Blog

Por Lucía Romano
El fin de semana leí un cuento en el que las mujeres comenzaban a prenderse fuego por voluntad propia. Se llama Las cosas que perdimos en el fuego y está en el libro homónimo de Mariana Enriquez. Si los hombres nos quieren quemadas, pensaban, entonces vamos a instalar un nuevo tipo de belleza: el de la mujer deformada, ultrajada, violentada, colmada de cicatrices. Van a tener que acostarse sólo con mujeres así.
Hoy a la mañana me levanté, y mientras tomaba unos mates prendí el noticiero. Escuché el caso de Gina Certona, una chica de 20 años cuyo novio le había prendido fuego el 80% del cuerpo. La había desnudado y rociado con alcohol, y luego le había dejado las secuelas de su locura para siempre.

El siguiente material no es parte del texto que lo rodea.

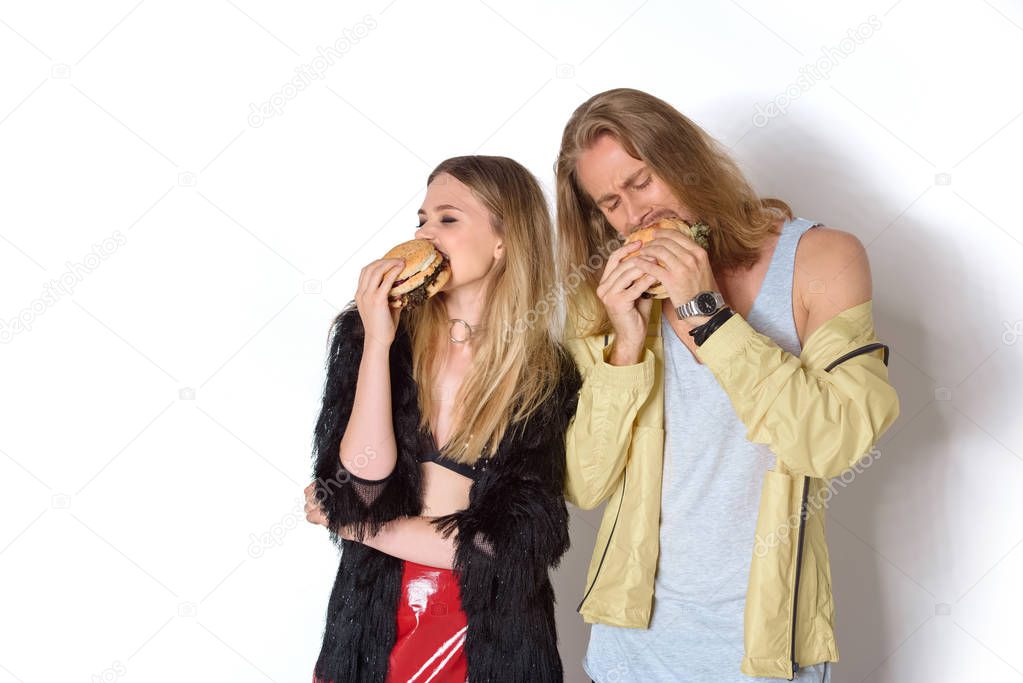 hungry young couple eating tasty burgers on white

Ella, como ocurre en la mayoría de estos casos, ya había denunciado los acosos a los que este tipo la sometía, pero su pedido de ayuda había quedado así, volando entre la indiferencia y la complicidad. Recordé el libro que acababa de leer. Me acordé que cuando lo terminé, había pensado: qué forma más rara encontró la autora para mostrar la violencia de género. Describía en sus páginas a las mujeres que, quemadas por elección, iban a tomar café a bares, hojeaban revistas con sus dedos chamuscados, y eran felices así, orgullosas de compartir su deformidad con otras mujeres.
Una forma exagerada, pero poética, de adueñarse de sus cuerpos, de decir: vos no me vas a prender fuego a mi, no sos dueño ni de mi piel ni de mi figura, y me adelanto a la barbarie y me zambullo en una fogata a la vista de todos. Era aventurado y de ficción, seguro. ¿Pero no es de ficción, acaso, que haya hombres que prenden fuego mujeres? La reacción contra eso tiene que ser, concluía hoy, también una locura.
Lo lindo del texto, creo, es que mostraba que ninguna está exenta de esa violencia. Y que ninguna mujer debe sentirse sola, ni observada, ni señalada. La vergüenza debería estar no en nuestra piel, sino en la piel de los que se creen con derecho a lastimarnos. Y ésa tiene que ser nuestra meta.